* Assigned task: The expected response is the complete listing below, restated exactly, with its pictures omitted.

* Supplied information:
· · · · · · ·

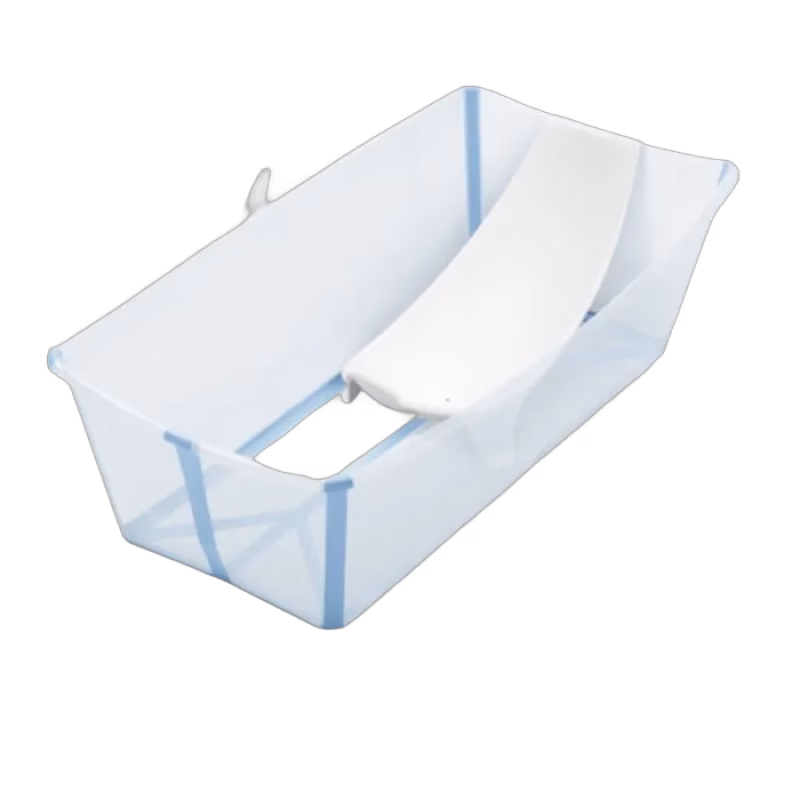 Stokke Flexi Bath XL Bundle med Värmekänslig Propp (Glacier Blue)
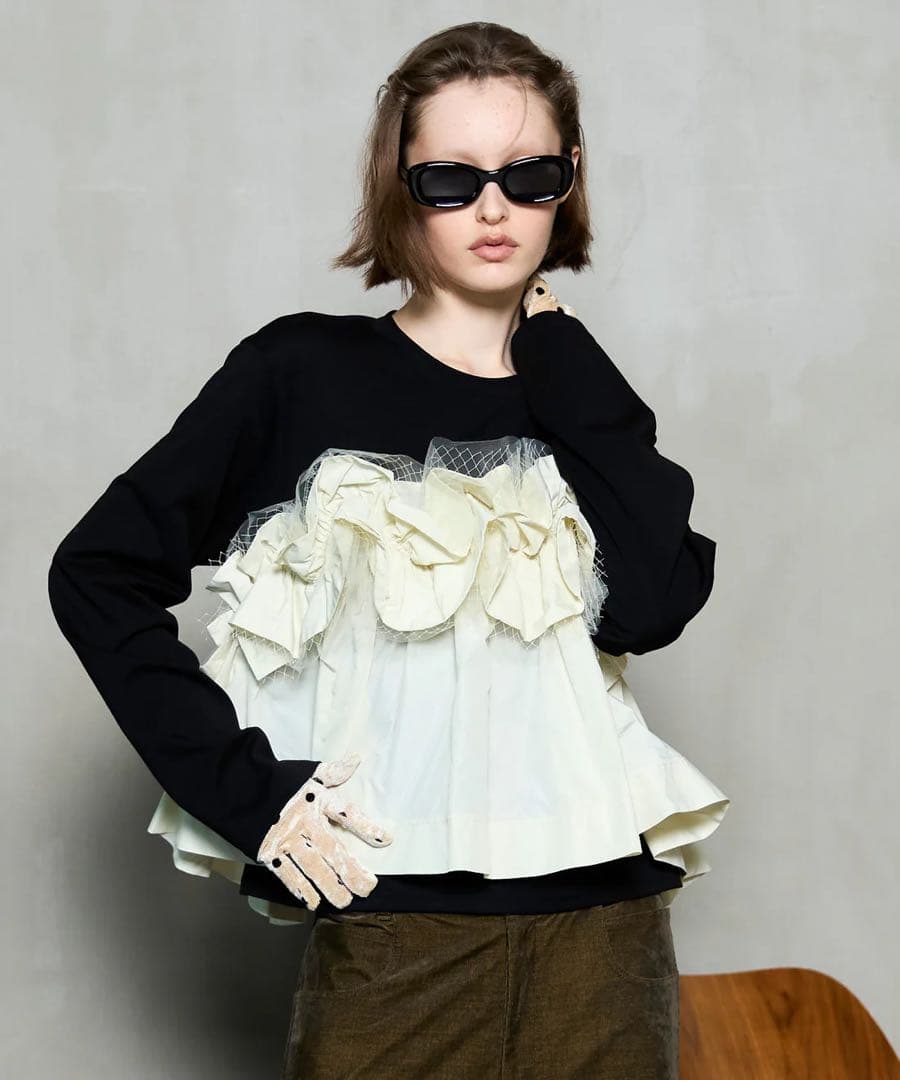 トップス Mixed Fabric Frill Tops
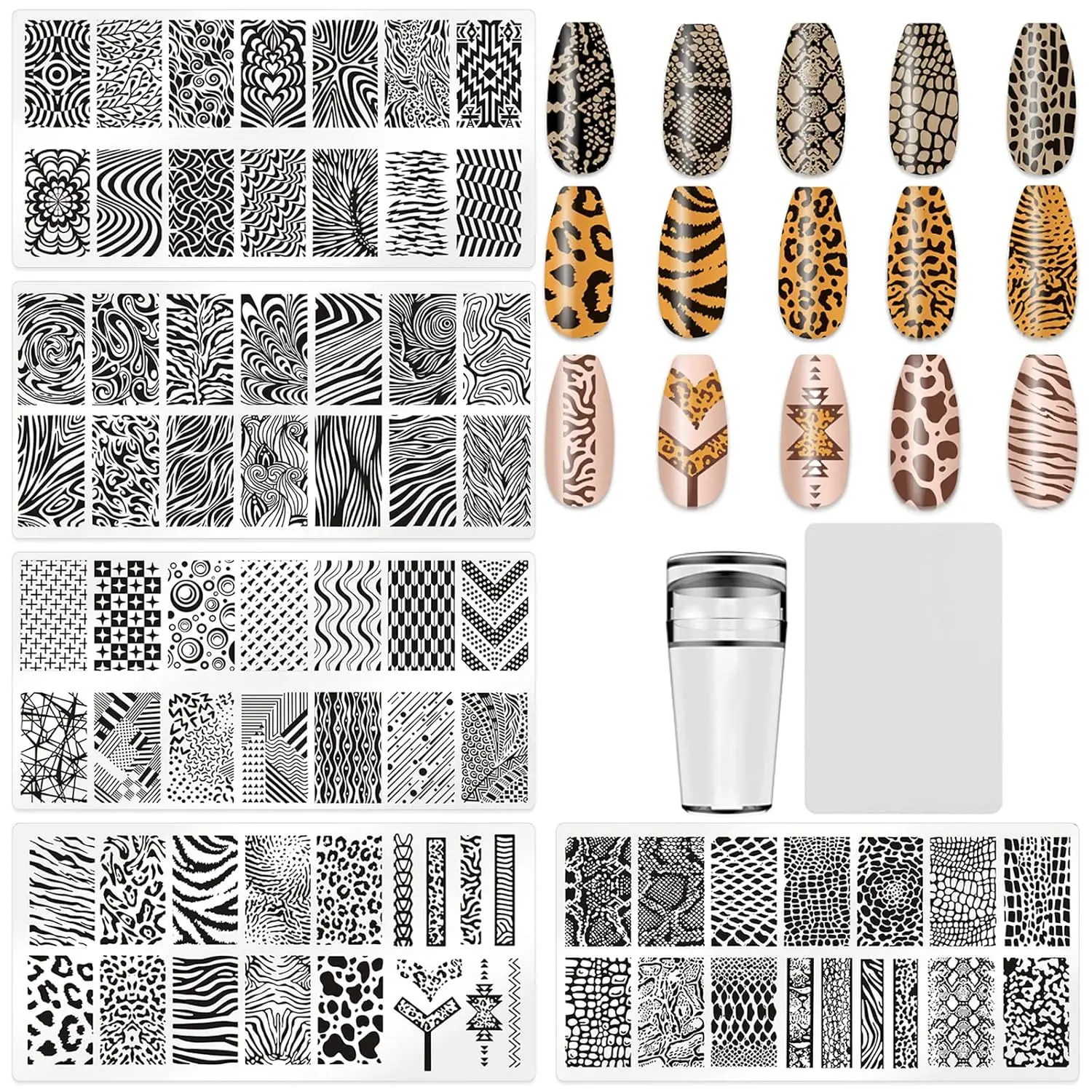 

5Pcs Nail Stamping Plates with Stamper and Scraper - Leopard Print Nail Art Templates for DIY Manicure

· · · · · · ·

* Exercise answer:
 Stokke Flexi Bath XL Bundle med Värmekänslig Propp (Glacier Blue)
 トップス Mixed Fabric Frill Tops

5Pcs Nail Stamping Plates with Stamper and Scraper - Leopard Print Nail Art Templates for DIY Manicure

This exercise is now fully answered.